Why would that happen? (dovecot 2.1.17)
-- [*] sys4 AG
http://sys4.de, +49 (89) 30 90 46 64 Franziskanerstraße 15, 81669 München
Sitz der Gesellschaft: München, Amtsgericht München: HRB 199263 Vorstand: Patrick Ben Koetter, Marc Schiffbauer Aufsichtsratsvorsitzender: Florian Kirstein
On 8.6.2014, at 11.59, Ralf Hildebrandt <r@sys4.de> wrote:
I observed several long running dovecot/lmtp processes hogging the CPU. I then strace'd them (strace -c -p 6375) and found them munmap()-ing a lot:
% time seconds usecs/call calls errors syscall
97.18 19.592537 1878 10430 munmap 2.28 0.458984 36 12696 epoll_ctl 0.26 0.052926 10 5288 fdatasync 0.21 0.042472 3 13679 epoll_wait ... snip ...
Why would that happen? (dovecot 2.1.17)
Difficult to say.
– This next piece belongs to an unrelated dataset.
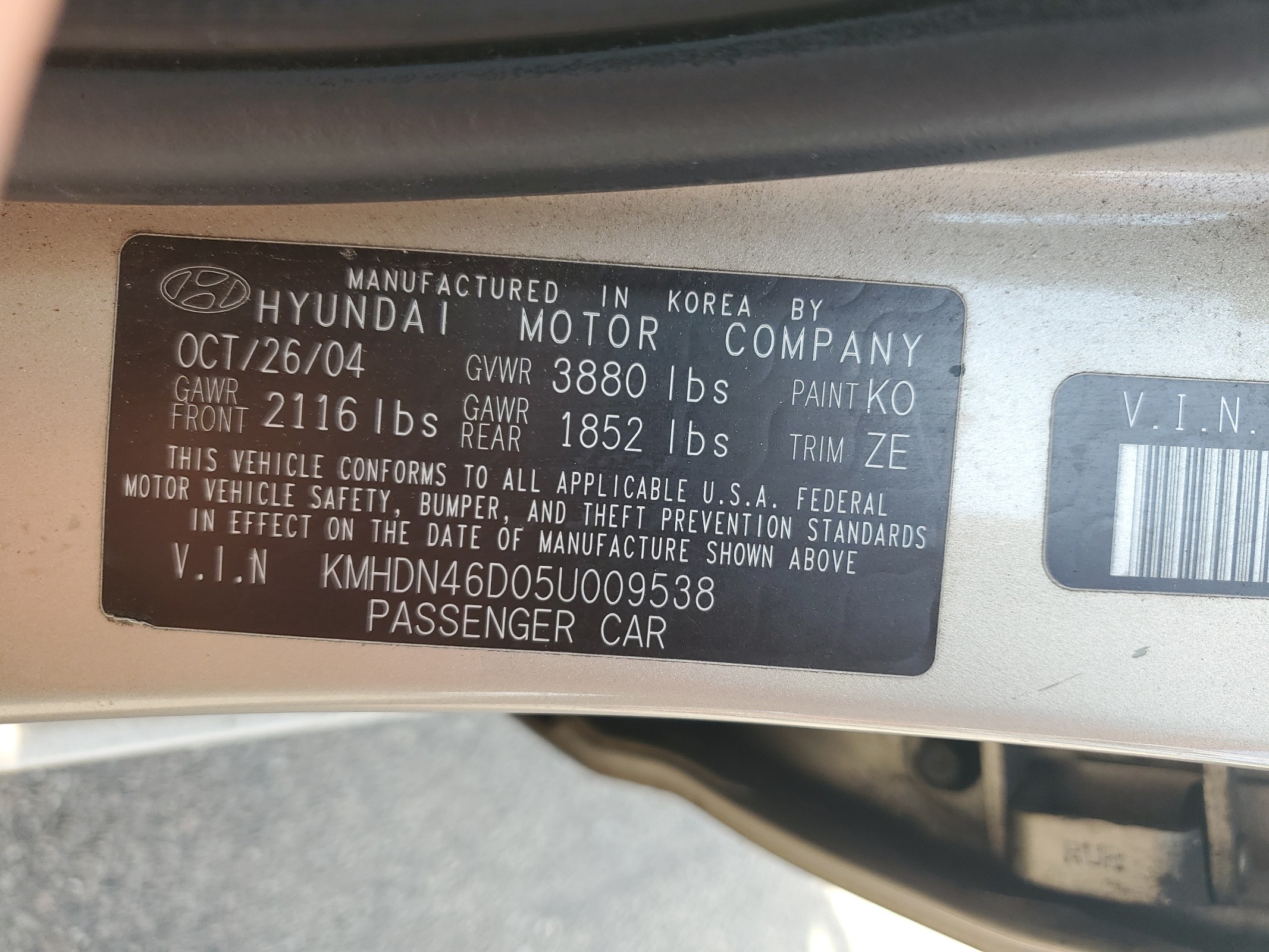KMHDN46D05U009538 2005 Hyundai Elantra Gls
It could be munmap()ing memory allocations or it could be munmap()ing Dovecot index files. Weren't there equivalent number of mmap() calls?..
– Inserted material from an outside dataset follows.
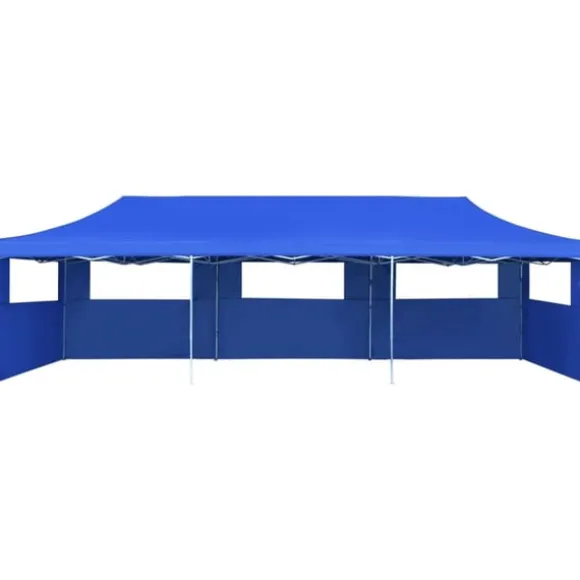 Pop-Up hopfällbart partytält med 5 sidoväggar blå 3x9 m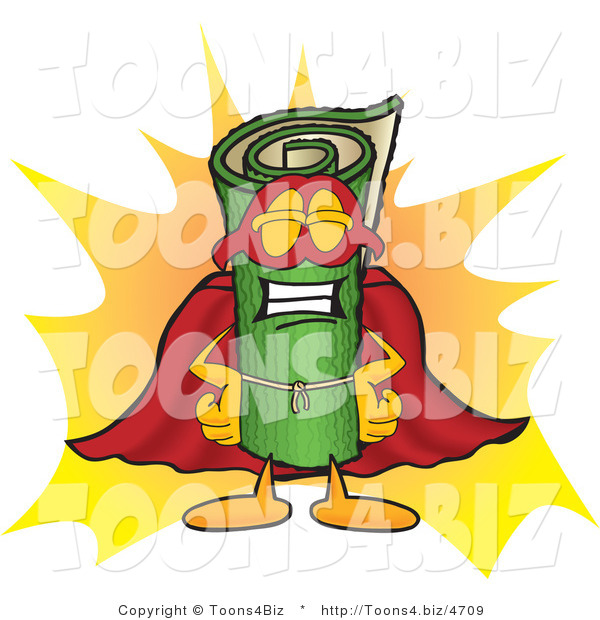 Vector Illustration of a Carpet Roll Mascot Dressed As a Super Hero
BTW. In v2.2 the index file handling is faster for LDA/LMTP because it doesn't even try to mmap() the full indexes into memory.
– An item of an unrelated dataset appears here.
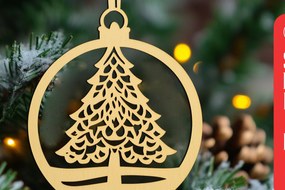 Σετ των 2 Intra απο ξύλο plywood 3mm-4mm πάχος – Χριστουγεννιάτικη διακόσμηση με χαρτί Δίασταση  20x20 cm INTRAFABR-104729822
- Timo Sirainen <tss@iki.fi>:
Why would that happen? (dovecot 2.1.17)
Difficult to say. It could be munmap()ing memory allocations or it could be munmap()ing Dovecot index files. Weren't there equivalent number of mmap() calls?..
BTW. In v2.2 the index file handling is faster for LDA/LMTP because it doesn't even try to mmap() the full indexes into memory.
That's probably the problem here. The user had LOTS of (duplicate!) mails in his inbox.
-- [*] sys4 AG
http://sys4.de, +49 (89) 30 90 46 64 Franziskanerstraße 15, 81669 München
Sitz der Gesellschaft: München, Amtsgericht München: HRB 199263 Vorstand: Patrick Ben Koetter, Marc Schiffbauer Aufsichtsratsvorsitzender: Florian Kirstein
On 6/9/2014 5:44 PM, Ralf Hildebrandt <r@sys4.de> wrote:
That's probably the problem here. The user had LOTS of (duplicate!) mails in his inbox.
Anyone ever found a reliable way to do this?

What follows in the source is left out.